WORK TASK: Restate exactly, and only, the lines from the one with "リラ(Lilas)/【痩身】下半身1回目" through the end of the data, with both of those end lines kept. Drop any pictures.

Dataset items
================

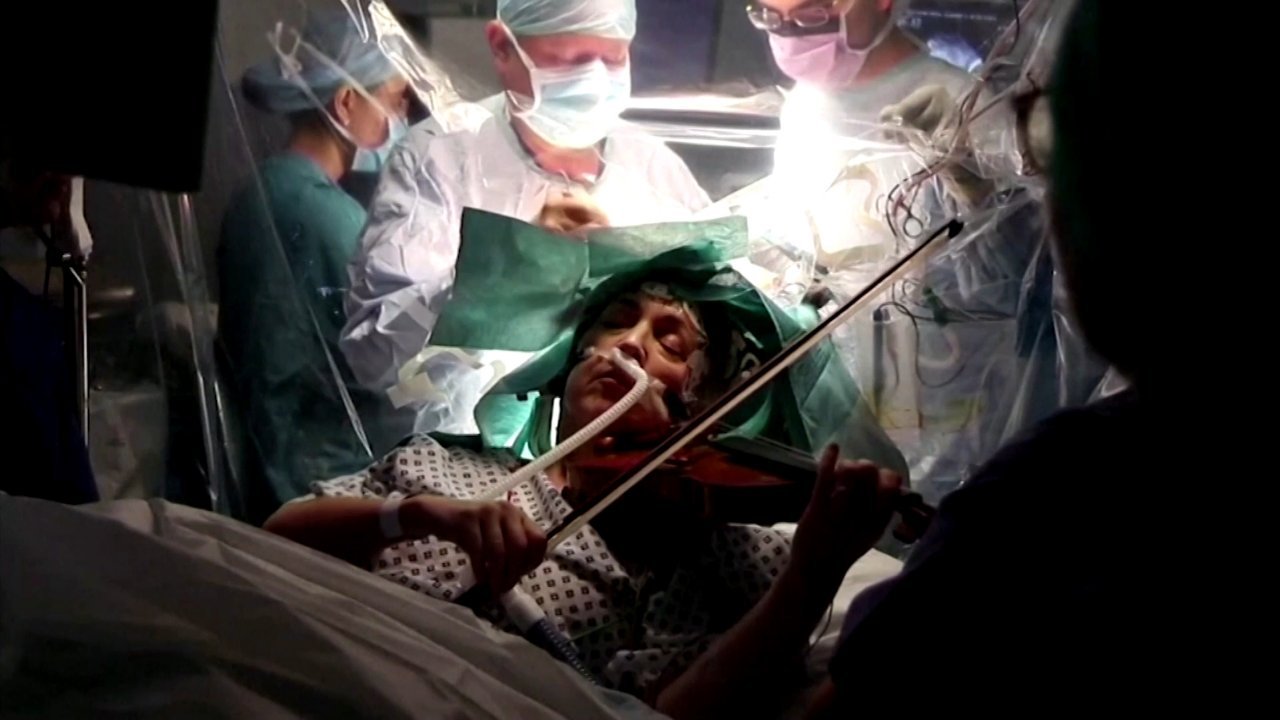 women play the violin during brain surgery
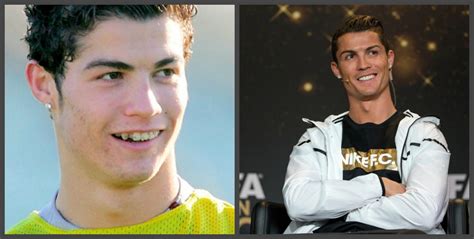 Cristiano Ronaldo Before After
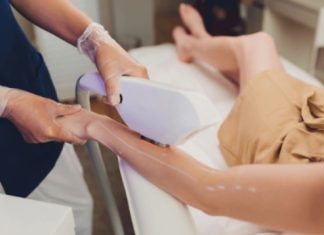 Лазерная эпиляция и 5 преимуществ перед удалением волос воском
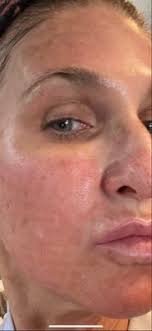 Med spa services near me in ashland, or. Illume Aesthetics 993 Siskiyou Blvd Ste 1 Ashland Or Medical Spas Mapquest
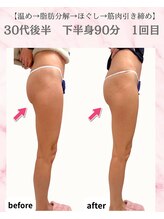 リラ(Lilas)/【痩身】下半身1回目
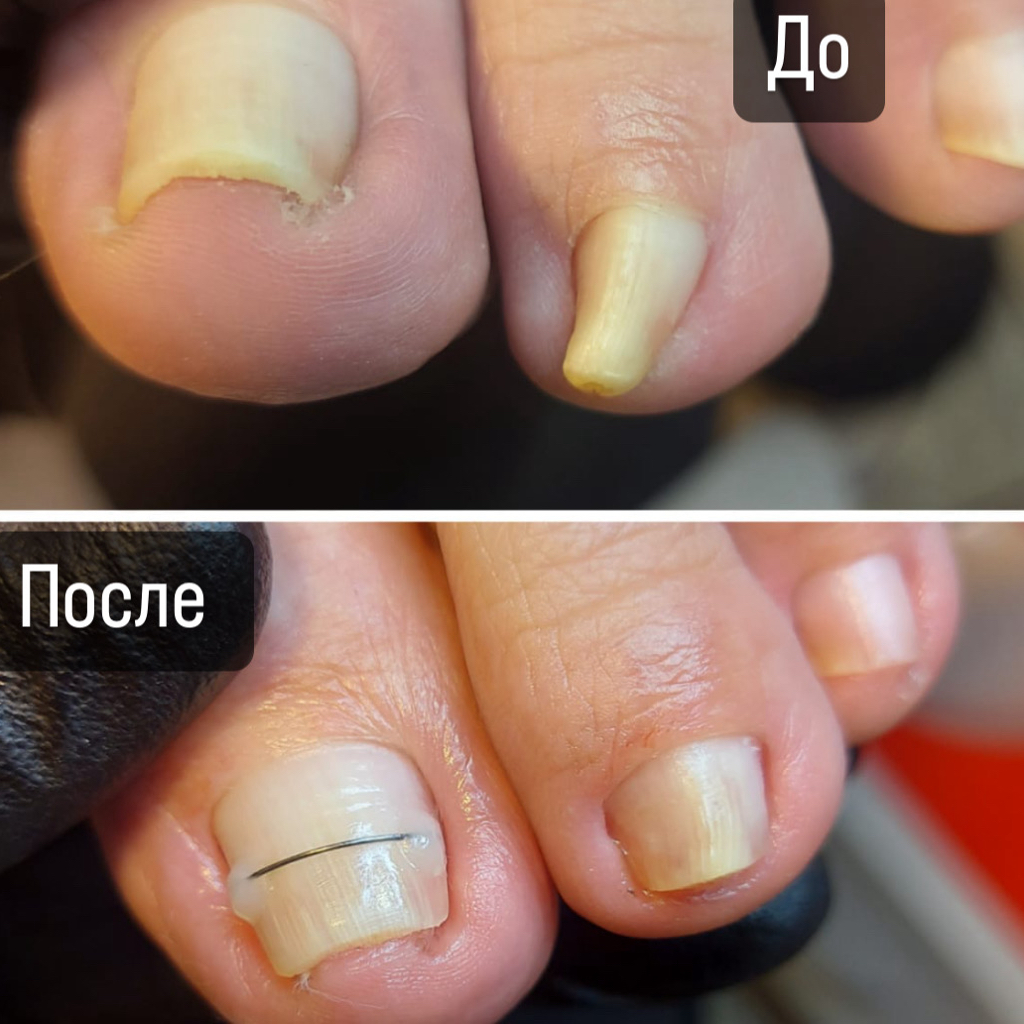 Установка системы Титановая нить при врастающем/скрученном/травмированном ногте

================

ANSWER SPACE:
 リラ(Lilas)/【痩身】下半身1回目
 Установка системы Титановая нить при врастающем/скрученном/травмированном ногте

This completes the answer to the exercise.